## TASK DESCRIPTION
Exactly the lines from the opening of the data through the line containing "Melania Trump inicia" should be reproduced, please, with nothing added.

■ ■ ■ ■ ■

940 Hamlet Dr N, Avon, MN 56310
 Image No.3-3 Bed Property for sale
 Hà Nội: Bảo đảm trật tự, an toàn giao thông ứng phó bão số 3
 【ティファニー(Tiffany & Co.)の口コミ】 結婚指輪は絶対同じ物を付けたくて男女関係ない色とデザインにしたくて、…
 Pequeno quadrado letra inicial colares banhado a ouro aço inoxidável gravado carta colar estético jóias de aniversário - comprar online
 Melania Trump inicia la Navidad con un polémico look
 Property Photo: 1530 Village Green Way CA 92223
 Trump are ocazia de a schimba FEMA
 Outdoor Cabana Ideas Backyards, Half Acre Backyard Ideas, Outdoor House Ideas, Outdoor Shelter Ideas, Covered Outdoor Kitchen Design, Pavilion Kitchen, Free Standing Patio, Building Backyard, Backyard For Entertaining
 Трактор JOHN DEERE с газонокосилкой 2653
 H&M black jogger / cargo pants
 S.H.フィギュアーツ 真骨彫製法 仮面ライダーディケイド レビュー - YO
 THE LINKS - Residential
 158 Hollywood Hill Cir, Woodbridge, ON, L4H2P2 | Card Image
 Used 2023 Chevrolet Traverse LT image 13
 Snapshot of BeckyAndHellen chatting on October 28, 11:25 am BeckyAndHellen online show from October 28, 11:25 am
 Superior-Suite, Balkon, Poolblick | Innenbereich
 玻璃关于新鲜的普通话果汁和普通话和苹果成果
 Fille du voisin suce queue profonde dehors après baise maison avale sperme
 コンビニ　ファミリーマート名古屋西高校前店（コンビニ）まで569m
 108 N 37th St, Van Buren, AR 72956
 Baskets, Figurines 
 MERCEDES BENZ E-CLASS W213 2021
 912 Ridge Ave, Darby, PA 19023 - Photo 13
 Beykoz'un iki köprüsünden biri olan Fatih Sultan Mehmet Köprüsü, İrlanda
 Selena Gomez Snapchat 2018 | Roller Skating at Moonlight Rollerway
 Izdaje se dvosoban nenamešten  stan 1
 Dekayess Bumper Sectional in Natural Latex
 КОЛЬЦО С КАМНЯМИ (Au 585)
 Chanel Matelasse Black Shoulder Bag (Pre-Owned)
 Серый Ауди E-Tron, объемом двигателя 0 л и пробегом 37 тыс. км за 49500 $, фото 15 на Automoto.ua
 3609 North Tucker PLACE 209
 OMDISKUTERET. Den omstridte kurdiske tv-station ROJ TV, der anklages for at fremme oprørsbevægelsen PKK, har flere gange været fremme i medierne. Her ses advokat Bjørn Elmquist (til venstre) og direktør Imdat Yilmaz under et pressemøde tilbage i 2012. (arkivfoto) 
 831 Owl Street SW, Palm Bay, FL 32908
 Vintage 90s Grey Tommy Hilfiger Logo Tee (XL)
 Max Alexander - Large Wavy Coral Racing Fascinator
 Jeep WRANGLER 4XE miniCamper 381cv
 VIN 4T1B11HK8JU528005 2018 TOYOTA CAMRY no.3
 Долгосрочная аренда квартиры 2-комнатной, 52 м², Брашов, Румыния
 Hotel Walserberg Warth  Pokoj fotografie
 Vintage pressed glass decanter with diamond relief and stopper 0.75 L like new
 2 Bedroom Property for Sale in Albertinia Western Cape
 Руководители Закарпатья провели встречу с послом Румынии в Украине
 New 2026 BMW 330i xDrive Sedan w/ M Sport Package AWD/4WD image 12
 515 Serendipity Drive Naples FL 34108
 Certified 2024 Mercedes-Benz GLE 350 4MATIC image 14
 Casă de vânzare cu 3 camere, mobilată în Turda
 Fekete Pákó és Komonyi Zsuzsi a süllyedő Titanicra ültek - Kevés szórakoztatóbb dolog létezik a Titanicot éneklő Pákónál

■ ■ ■ ■ ■

## EXPECTED ANSWER
940 Hamlet Dr N, Avon, MN 56310
 Image No.3-3 Bed Property for sale
 Hà Nội: Bảo đảm trật tự, an toàn giao thông ứng phó bão số 3
 【ティファニー(Tiffany & Co.)の口コミ】 結婚指輪は絶対同じ物を付けたくて男女関係ない色とデザインにしたくて、…
 Pequeno quadrado letra inicial colares banhado a ouro aço inoxidável gravado carta colar estético jóias de aniversário - comprar online
 Melania Trump inicia la Navidad con un polémico look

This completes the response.